Relaxed POSIX Consistency for Lustre



    • New Feature
    • Resolution: Unresolved
    • Minor
    • None
    • None
    • None
    • 3
    • 9223372036854775807


      If performance is a criterion, consistency requirements for applications might be best decided by applications or users themselves. Forcing an application that has little or no sharing to use a strong or strict consistency model may lead to unnecessarily reduced I/O performance. Traditional techniques to provide strong file system consistency guarantees for both meta-data and data use vairants of locking techniques. For example, Lustre and GPFS use DLM locking to implement POSIX with strong consistency. Rather than locking when enforcing serialization for read-write sharing or write-write shareing for the entire file system, we can use optimistic concurrency control mechanism with the presumption that these are rare events. Avoidance of distributed locking enhances the scalability and performance of the system.
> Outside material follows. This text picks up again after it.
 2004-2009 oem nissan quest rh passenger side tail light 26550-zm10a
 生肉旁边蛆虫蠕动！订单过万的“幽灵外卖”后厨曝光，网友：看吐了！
      Since different applications can have different sharing behavior, designing for performance and consistency would force the design to cater to all their needs simultaneously. Parallel cluster file systems (such as Lustre and GPFS) enforce data consistency by using byte-range distributed locking to allow simultaneous file access from multiple clients to its shared disks. Such fine-grained file locking schemes allow multiple processes to simultaneously write to different regions of a shared file. However, they also restrict scalability because of the overhead associated with maintaining state of a large number of locks, eventually leading to performance degradation.

      In a POSIX-compliant distributed file system, the behavior of serving multiple processes on multiple client nodes should be the same as the behavior of a local file system. Lustre provides POSIX-compliant consistency. However, the POSIX consistency semantics could be carefully relaxed in some cases in order to better align with the needs of specific applications and to improve the system performance. A user can define not just standard consistency policies like POSIX, but also custom policies like session, lease and NFS, at a chosen granularity (sub tree, file). A client can be using several different consistency policies for different files or even changing the consistency policy for a given file at runtime, without having to restart the file system. Leaving the choice of the consistency policy and allowing the user to change it at runtime enable tuning performance at a very fine granularity.

      One approach for relaxing consistency is to decouple the namespace. i.e. a client can lock the subtree it wants exclusive access to in MetaWBC mode, then the file system can optimize performance via lockless I/O mode, merging updates. The file system could enter a mode for a such given subtree to perform operations locally and bulk merge their updates at completion. This delayed merge (i.e. a form of eventual consistency) and relaxed durability improves performance and scalability by avoiding the costs of remote procedure calls (RPCs), synchronization, false sharing, and serialization.

      We present an API and framework that allows administrators dynamically control the consistency guarantees for subtrees in the global file system namespace. Allowing different semantics co-exist in a global namespace scales further and performs better than systems that use one POSIX consistency mode.

      Our initial expected goal is to improve the IO500 performance by using the loose relaxed consistency model similar to NFS in Lustre.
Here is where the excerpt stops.